The case considered below illustrates possible pitfalls for employers, where they are seeking to make changes to a woman's role when she is on maternity leave. It also illustrates how even employment tribunals can fail to navigate this area correctly, with the case having to be remitted for reconsideration due to an error in the employment tribunal's approach.
Facts
The claimant was employed as a financial accountant 40 days per year. Being pregnant when she applied for the role, she went on maternity leave roughly 4 months into the role. While she was on maternity leave, her employer replaced her role, creating a full-time role of business and financial analyst; this absorbed the claimant's duties but also contained other strategic elements. The claimant was invited to accept a draft settlement agreement to bring an end to her employment, whilst also being told she could apply for the new role. When the parties could not agree on a way forward, she was dismissed.
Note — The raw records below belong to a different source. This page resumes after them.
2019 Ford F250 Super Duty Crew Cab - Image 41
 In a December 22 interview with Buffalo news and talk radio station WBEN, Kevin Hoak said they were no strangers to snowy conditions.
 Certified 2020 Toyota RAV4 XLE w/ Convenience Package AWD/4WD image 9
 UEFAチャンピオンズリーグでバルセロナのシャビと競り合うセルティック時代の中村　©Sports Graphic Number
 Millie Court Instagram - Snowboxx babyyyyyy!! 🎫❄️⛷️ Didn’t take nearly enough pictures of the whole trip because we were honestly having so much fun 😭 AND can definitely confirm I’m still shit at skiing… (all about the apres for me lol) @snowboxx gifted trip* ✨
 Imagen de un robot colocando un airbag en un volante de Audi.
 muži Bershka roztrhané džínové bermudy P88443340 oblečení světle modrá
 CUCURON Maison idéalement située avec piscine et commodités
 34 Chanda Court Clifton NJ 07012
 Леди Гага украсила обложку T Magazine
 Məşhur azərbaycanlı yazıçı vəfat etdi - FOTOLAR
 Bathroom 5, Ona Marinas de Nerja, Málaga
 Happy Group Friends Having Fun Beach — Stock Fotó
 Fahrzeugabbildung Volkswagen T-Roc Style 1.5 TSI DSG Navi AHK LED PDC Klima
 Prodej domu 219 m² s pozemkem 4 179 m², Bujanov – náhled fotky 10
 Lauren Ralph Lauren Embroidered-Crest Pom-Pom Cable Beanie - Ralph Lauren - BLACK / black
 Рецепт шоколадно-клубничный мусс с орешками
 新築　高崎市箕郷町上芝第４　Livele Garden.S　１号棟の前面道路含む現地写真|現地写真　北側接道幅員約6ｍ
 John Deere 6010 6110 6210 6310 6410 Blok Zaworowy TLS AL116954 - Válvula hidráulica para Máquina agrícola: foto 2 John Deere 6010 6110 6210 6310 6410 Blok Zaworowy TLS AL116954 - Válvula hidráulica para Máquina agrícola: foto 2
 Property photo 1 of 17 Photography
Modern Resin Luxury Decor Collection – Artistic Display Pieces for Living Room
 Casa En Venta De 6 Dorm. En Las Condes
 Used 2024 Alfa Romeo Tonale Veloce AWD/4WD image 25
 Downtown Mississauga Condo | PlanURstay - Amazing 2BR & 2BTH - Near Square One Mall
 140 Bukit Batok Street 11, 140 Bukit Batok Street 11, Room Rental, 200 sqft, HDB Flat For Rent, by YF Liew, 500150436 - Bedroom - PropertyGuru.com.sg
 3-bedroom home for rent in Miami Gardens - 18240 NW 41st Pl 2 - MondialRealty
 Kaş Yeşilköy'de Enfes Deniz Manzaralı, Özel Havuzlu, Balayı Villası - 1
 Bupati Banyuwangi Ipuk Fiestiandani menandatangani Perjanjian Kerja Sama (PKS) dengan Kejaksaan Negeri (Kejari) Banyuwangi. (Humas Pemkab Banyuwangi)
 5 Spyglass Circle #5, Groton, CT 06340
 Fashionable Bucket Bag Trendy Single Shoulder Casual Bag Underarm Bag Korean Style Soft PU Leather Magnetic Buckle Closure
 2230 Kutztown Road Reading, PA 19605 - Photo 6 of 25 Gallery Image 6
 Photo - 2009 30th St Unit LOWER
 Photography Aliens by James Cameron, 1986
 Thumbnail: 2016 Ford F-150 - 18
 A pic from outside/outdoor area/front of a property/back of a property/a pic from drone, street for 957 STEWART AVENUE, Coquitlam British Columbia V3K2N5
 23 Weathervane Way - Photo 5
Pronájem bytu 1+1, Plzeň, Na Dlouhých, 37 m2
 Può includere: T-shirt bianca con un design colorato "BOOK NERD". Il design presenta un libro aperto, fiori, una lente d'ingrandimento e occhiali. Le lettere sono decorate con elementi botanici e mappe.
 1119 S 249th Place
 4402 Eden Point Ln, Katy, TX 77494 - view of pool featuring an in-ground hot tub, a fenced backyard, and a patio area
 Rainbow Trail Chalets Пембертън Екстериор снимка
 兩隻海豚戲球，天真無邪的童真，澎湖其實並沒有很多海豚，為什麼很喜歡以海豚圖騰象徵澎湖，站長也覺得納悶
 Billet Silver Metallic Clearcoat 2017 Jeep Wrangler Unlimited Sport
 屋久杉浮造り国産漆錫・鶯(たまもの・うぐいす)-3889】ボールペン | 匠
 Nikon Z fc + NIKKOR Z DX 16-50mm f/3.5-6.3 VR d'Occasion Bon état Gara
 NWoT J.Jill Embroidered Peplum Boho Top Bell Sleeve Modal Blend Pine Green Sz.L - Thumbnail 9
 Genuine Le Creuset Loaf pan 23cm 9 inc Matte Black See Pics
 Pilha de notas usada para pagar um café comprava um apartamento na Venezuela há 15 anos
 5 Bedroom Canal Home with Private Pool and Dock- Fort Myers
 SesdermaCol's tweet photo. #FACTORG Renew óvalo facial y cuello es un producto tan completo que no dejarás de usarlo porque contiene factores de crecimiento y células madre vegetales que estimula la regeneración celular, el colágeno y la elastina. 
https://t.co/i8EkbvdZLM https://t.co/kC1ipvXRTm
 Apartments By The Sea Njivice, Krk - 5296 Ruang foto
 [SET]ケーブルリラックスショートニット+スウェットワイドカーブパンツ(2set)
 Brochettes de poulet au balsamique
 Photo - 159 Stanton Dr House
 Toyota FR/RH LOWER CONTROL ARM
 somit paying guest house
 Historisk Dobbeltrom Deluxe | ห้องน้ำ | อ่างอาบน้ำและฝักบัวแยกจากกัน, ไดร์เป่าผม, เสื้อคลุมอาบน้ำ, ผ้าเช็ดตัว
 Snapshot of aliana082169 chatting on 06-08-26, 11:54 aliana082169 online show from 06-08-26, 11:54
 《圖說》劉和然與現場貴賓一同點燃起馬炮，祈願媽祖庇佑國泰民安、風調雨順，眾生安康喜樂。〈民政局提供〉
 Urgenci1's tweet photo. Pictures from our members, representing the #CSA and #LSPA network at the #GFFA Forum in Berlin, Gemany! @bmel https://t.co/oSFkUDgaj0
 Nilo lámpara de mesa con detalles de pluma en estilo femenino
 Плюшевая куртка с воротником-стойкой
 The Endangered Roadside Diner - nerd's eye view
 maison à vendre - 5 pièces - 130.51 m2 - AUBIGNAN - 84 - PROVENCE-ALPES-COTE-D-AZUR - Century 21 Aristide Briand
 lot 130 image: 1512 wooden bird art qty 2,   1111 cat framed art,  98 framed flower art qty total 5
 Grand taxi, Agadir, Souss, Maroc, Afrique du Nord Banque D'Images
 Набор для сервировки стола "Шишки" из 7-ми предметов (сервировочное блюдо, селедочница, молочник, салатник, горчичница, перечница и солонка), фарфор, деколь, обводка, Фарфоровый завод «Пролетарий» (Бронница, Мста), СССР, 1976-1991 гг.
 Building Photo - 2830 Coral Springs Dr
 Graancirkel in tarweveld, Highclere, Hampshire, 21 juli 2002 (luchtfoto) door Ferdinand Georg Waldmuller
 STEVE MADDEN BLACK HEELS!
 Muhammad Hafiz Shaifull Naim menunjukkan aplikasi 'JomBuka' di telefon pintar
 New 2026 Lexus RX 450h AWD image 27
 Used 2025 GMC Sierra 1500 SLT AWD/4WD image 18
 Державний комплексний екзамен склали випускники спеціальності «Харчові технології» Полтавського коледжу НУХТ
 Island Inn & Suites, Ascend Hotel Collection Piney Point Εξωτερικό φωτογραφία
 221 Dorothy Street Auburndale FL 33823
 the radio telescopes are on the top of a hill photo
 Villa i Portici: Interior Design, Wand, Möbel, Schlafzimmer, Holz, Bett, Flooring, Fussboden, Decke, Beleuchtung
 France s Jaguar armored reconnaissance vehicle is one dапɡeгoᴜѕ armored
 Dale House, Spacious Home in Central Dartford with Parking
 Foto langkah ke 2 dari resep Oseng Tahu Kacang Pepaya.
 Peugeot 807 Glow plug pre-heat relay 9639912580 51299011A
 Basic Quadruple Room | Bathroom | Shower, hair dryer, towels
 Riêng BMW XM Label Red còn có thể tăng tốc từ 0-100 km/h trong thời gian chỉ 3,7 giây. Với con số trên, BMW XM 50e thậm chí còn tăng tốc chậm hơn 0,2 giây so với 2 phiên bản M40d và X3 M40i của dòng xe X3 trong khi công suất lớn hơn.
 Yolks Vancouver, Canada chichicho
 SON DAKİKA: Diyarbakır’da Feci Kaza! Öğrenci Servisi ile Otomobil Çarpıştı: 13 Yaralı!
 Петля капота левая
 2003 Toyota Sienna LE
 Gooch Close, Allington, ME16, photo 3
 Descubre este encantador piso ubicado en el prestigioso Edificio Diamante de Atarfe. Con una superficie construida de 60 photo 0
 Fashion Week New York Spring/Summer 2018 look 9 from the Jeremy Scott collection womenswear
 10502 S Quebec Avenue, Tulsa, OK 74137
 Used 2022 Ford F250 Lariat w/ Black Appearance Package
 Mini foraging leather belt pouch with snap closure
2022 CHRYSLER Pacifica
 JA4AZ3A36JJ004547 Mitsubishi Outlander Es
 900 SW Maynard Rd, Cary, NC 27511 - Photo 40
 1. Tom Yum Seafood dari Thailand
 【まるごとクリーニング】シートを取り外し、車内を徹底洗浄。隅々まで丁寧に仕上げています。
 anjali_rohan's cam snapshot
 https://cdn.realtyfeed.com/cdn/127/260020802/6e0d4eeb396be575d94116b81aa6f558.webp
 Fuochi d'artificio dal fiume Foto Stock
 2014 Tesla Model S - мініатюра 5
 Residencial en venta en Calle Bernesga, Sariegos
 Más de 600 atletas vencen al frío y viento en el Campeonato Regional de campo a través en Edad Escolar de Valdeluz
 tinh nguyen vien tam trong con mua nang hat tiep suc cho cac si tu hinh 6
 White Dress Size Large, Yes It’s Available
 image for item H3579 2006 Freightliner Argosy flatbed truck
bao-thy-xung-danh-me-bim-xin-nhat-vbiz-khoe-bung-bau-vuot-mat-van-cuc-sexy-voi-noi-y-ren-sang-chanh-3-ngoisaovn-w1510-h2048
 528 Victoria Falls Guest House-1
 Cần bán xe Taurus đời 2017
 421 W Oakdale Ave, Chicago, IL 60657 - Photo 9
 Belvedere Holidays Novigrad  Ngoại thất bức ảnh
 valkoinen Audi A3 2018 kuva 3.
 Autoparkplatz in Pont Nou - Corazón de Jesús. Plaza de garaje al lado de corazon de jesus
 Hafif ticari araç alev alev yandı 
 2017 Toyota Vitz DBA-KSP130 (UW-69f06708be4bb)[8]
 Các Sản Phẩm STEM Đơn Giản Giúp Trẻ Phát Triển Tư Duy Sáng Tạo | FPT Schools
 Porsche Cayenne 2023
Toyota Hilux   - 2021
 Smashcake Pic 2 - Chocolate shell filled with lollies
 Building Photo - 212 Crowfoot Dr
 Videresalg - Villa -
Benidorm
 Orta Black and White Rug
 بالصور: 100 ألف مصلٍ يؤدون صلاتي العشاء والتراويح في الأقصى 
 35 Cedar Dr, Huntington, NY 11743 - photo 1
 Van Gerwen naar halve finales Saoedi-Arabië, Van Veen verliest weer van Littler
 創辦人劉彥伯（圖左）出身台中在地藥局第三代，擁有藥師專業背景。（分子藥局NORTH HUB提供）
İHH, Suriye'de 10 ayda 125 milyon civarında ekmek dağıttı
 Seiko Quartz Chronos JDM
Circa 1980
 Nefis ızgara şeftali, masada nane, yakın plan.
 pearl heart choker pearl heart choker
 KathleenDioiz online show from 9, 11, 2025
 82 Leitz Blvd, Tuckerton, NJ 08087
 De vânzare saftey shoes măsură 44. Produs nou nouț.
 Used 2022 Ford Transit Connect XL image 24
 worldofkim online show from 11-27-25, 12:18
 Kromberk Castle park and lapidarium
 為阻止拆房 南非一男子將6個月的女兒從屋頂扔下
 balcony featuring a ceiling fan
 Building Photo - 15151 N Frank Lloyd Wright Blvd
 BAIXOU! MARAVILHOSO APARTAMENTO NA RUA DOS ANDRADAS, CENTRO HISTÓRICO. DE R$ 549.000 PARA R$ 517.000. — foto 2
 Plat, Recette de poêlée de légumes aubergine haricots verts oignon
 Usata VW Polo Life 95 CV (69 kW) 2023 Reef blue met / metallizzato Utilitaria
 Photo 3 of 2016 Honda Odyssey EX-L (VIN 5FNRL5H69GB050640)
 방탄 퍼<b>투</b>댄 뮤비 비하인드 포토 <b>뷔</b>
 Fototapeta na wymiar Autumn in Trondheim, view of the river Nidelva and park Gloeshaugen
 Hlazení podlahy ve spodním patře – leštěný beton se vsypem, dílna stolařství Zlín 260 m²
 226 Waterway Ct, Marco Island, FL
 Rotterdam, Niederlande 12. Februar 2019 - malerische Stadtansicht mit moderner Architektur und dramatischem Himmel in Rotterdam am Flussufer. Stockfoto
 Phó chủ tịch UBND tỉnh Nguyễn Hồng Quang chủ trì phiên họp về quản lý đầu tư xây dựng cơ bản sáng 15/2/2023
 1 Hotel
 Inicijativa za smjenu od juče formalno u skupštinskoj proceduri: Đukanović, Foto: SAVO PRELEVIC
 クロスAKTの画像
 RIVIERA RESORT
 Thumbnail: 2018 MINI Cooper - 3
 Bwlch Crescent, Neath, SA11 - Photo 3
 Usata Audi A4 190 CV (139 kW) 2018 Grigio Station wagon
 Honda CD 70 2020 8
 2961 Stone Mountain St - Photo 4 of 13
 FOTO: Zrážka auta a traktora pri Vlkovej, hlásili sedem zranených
The claimant brought a claim for pregnancy discrimination and automatic unfair dismissal. An employment tribunal accepted the employer's explanation that the claimant's role had been made redundant so did not uphold the discrimination claim. It also decided that the new role was not a suitable alternative vacancy within the meaning of the relevant regulations since it was a more strategic role. The claimant appealed to the EAT.
Decision
The EAT remitted the case, finding that the employment tribunal had erred in its approach. It had not considered the issue of whether there was a redundancy in a structured way, rather it had decided this as a matter of impression. The EAT noted that a business reorganisation may entail a redundancy but will not necessarily do so. It is important to return to the statutory definition of redundancy in section 139 ERA 1996 before considering whether the obligation to offer a suitable alternative vacancy is triggered. Also, it is not necessarily the case that a fuller role, with more responsibilities, will always be 'unsuitable' and the tribunal should have scrutinised this more aspect more carefully.
Comment
This case illustrates a basic point, that employers must tread very carefully, regardless of business disruption, where a woman goes on maternity leave shortly after commencing employment. As the ECJ case of Tele Danmark illustrated some years ago, the protection afforded to pregnant employees is very strong. In that case, it was discriminatory to dismiss a woman who would have been absent for the whole of her fixed-term contract, it was irrelevant that other employees might have been treated in a similar way or that the resources of the employer made it difficult to cope with her absence. Having said that, employers should not avoid genuine reorganisations or redundancies, simply because someone is on maternity leave or has recently returned. The distinction between a reorganisation and redundancy can often be difficult to understand, even for qualified lawyers, so advice should be sought in this area. It is also worth noting that the new Government has pledged to strengthen protection for pregnant women in future.